Jiaxu ZengDavid FletcherPeter W DillinghamChristopher E CornwallPublished in: PloS one (2019)
In many scientific studies, the underlying data-generating process is unknown and multiple statistical models are considered to describe it. For example, in a factorial experiment we might consider models involving just main effects, as well as those that include interactions. Model-averaging is a commonly-used statistical technique to allow for model uncertainty in parameter estimation. In the frequentist setting, the model-averaged estimate of a parameter is a weighted mean of the estimates from the individual models, with the weights typically being based on an information criterion, cross-validation, or bootstrapping. One approach to building a model-averaged confidence interval is to use a Wald interval, based on the model-averaged estimate and its standard error. This has been the default method in many application areas, particularly those in the life sciences. The MA-Wald interval, however, assumes that the studentized model-averaged estimate has a normal distribution, which can be far from true in practice due to the random, data-driven model weights. Recently, the model-averaged tail area Wald interval (MATA-Wald) has been proposed as an alternative to the MA-Wald interval, which only assumes that the studentized estimate from each model has a N(0, 1) or t-distribution, when that model is true. This alternative to the MA-Wald interval has been shown to have better coverage in simulation studies. However, when we have a response variable that is skewed, even these relaxed assumptions may not be valid, and use of these intervals might therefore result in poor coverage.

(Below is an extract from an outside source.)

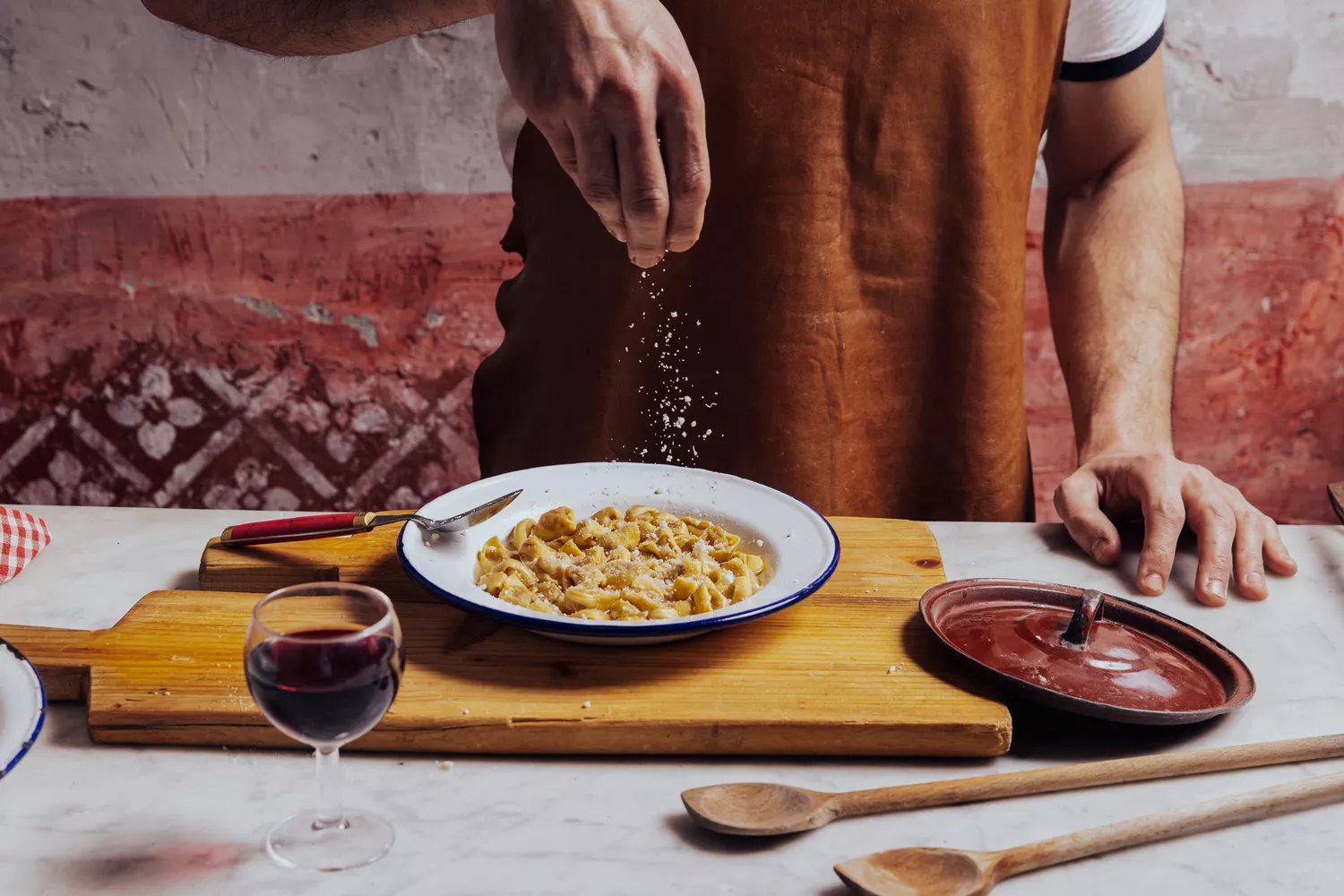 Close-up of a chef sprinkling parmesan cheese on a plate of fresh tortellini.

We propose a new interval (MATA-SBoot) which uses a parametric bootstrap approach to estimate the distribution of the studentized estimate for each model, when that model is true. This method only requires that the studentized estimate from each model is approximately pivotal, an assumption that will often be true in practice, even for skewed data. We illustrate use of this new interval in the analysis of a three-factor marine global change experiment in which the response variable is assumed to have a lognormal distribution. We also perform a simulation study, based on the example, to compare the lower and upper error rates of this interval with those for existing methods. The results suggest that the MATA-SBoot interval can provide better error rates than existing intervals when we have skewed data, particularly for the upper error rate when the sample size is small.